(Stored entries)
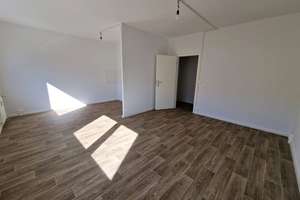1-Zimmer-Wohnung im 2. Obergeschoss zu vermieten – Ringstraße 135, 4209 Grünau-Mitte, Leipzig – Vorschaubild 3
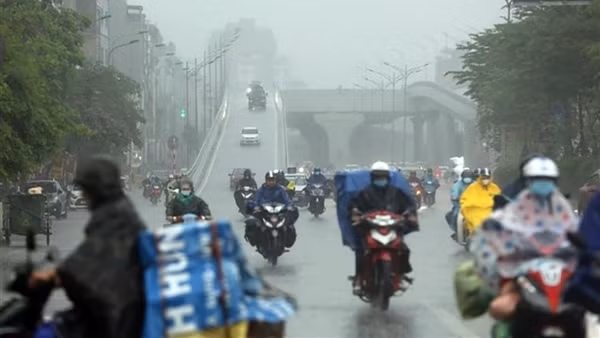 Hà Nội thời tiết mát mẻ, miền Trung đến Nam bộ mưa to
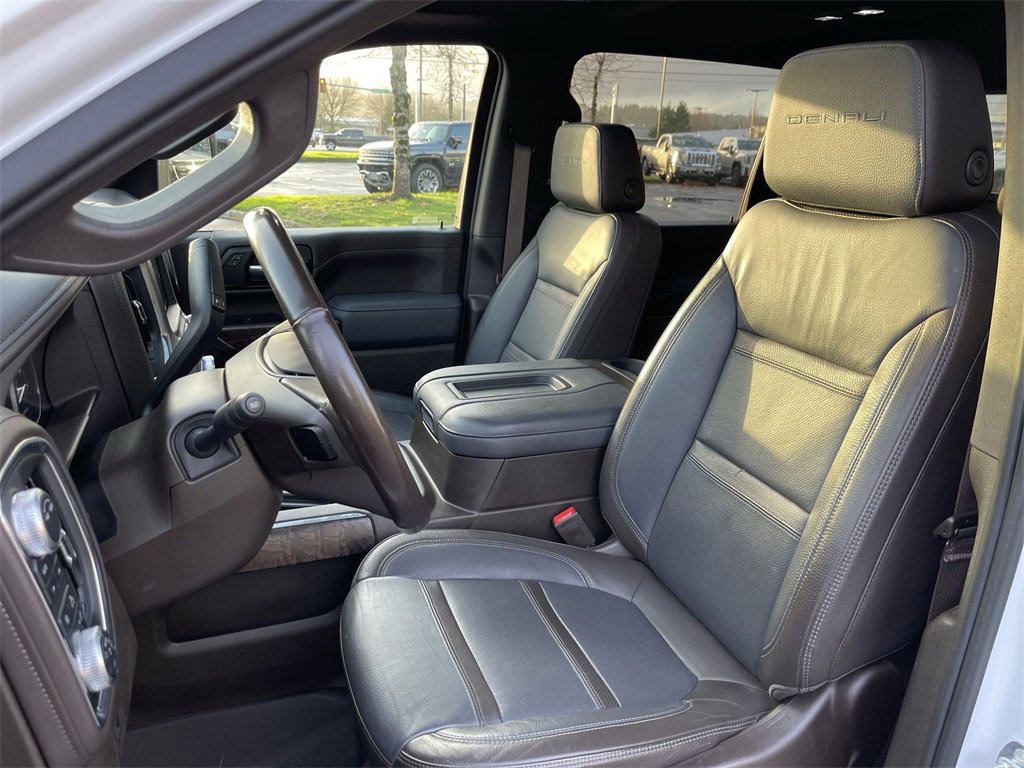 Used 2021 GMC Sierra 3500 Denali w/ Denali Ultimate Package image 20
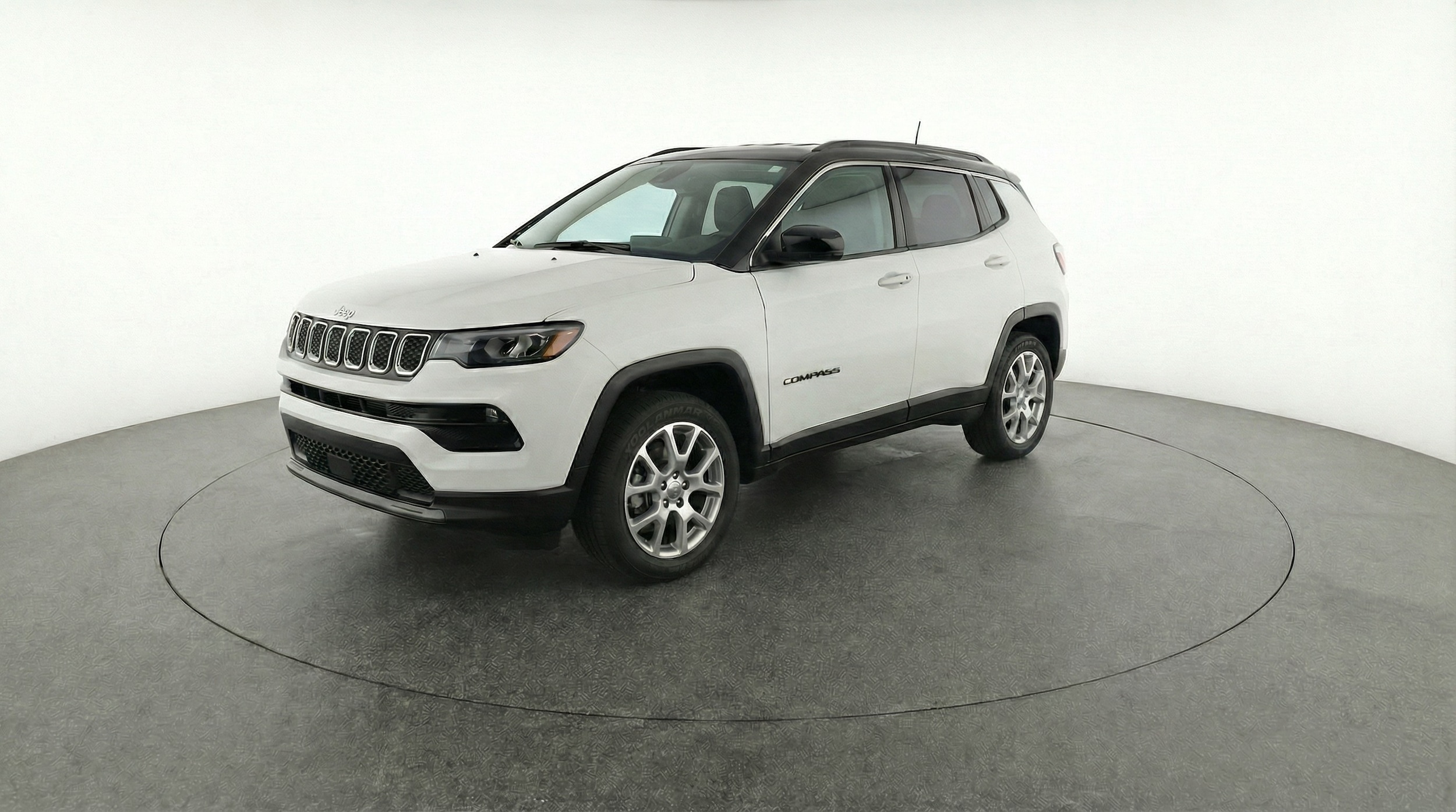 Thumbnail: 2025 Jeep Compass - 3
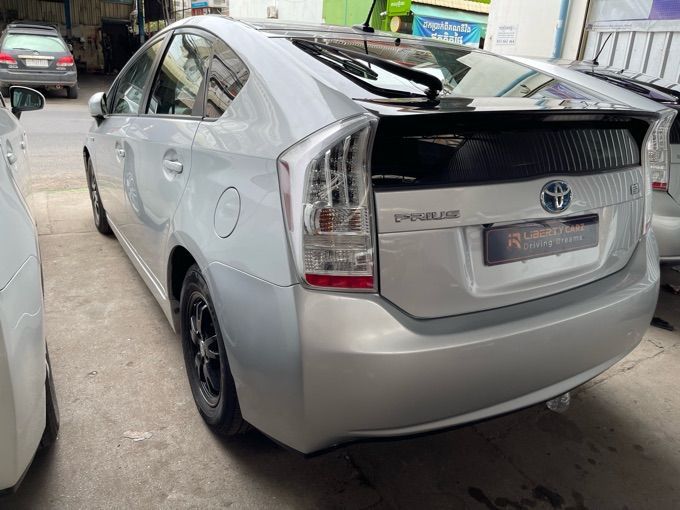 តូយ៉ូតា Prius 2010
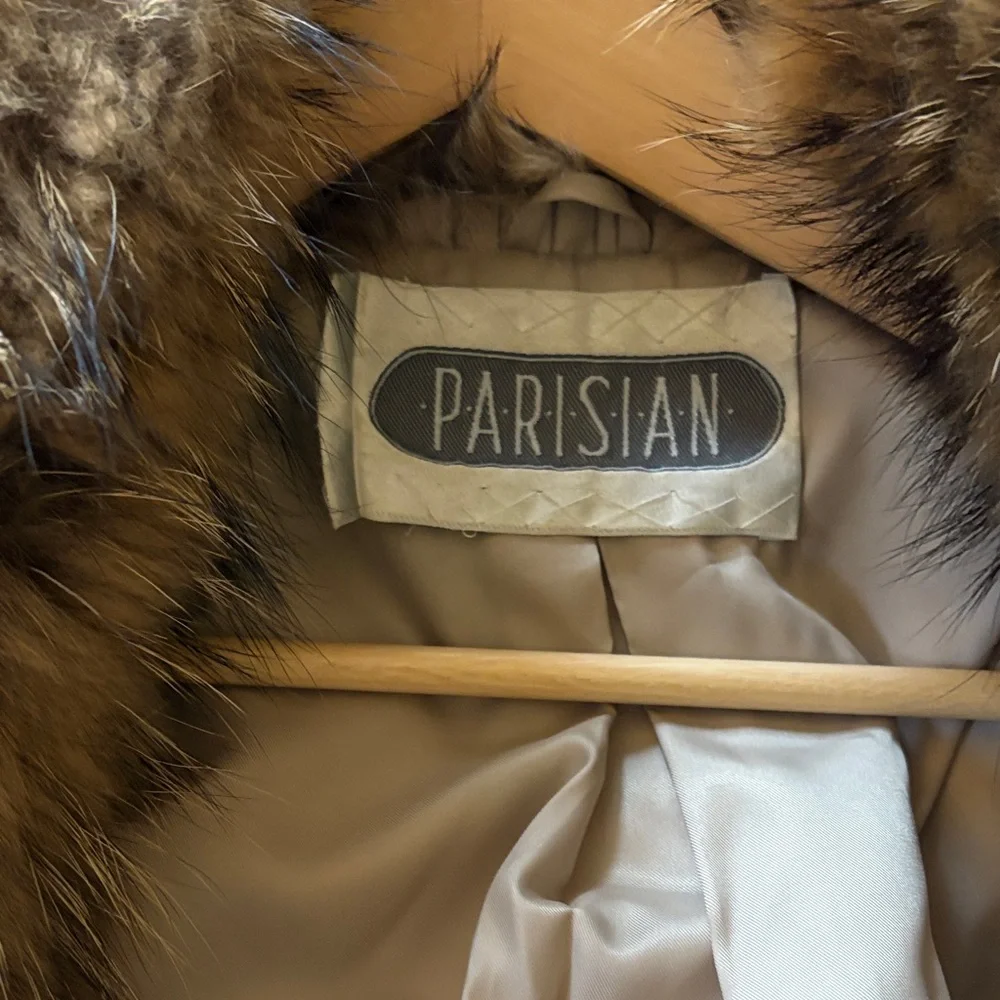 Parisian Brand Vintage Raccoon?  Fur Coat - Picture 6 of 13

§ **Problem details**: Transcribe the records above exactly as they appear, leaving out any pictures.

§ **Response area**:
1-Zimmer-Wohnung im 2. Obergeschoss zu vermieten – Ringstraße 135, 4209 Grünau-Mitte, Leipzig – Vorschaubild 3
 Hà Nội thời tiết mát mẻ, miền Trung đến Nam bộ mưa to
 Used 2021 GMC Sierra 3500 Denali w/ Denali Ultimate Package image 20
 Thumbnail: 2025 Jeep Compass - 3
 តូយ៉ូតា Prius 2010
 Parisian Brand Vintage Raccoon?  Fur Coat - Picture 6 of 13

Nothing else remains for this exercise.